Moreover, efforts to combat undernutrition must acknowledge the role of intra-household power dynamics.

In many households, men smoke while women manage food expenditures. This means that female caregivers often carry the burden of balancing tight budgets to provide sufficient nutrition, all while a portion of household income is spent on cigarettes.

Empowering women with greater financial control, stronger legal protection and targeted education can help shift household spending toward long-term well-being.

Beyond the household, tobacco consumption imposes significant fiscal burdens on the state. Healthcare costs related to smoking-related diseases are rising, straining public insurance systems like the BPJS health insurance scheme.

Yet the nutritional consequences, especially malnutrition due to reduced food intake, often go unmeasured and untreated.

Children suffering from mild to moderate malnutrition may not enter hospitals but will struggle in school, require remedial support and enter the workforce with lower earning potential. The long-term economic cost of this lost human capital is incalculable.

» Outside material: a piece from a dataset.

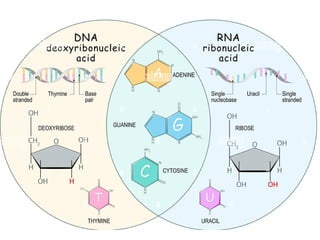Comprehensive Overview of Nucleic Acids: DNA and RNA Functions ...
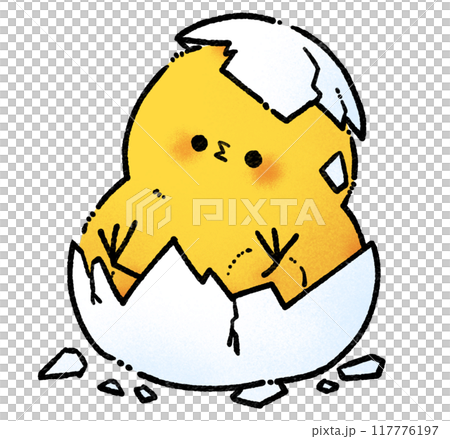 生まれたひよこのイラスト 生まれたひよこのイラスト 117776197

If Indonesia is to fulfil its Sustainable Development Goals (SDGs), particularly SDG 2 on zero hunger and SDG 3 on good health and well-being, it must confront tobacco consumption not just as a health risk, but as a systemic development challenge.

Cigarette spending among the poor must be treated as an indicator of economic inefficiency and vulnerability; one that undermines nutrition, education, gender equality and intergenerational progress.

What is needed is a paradigm shift in how the state understands “household welfare”. It is no longer enough to track income or food expenditure; we must assess what families are sacrificing in order to maintain socially accepted but harmful habits.

Spending on cigarettes in poor families is not an isolated vice; it is a structural indicator of disempowerment and economic stress. And until we address that, we cannot claim to be building an inclusive, healthy or resilient Indonesia.

Policy must catch up with the data. And the data is unequivocal: Cigarettes burn more than lungs; they burn futures.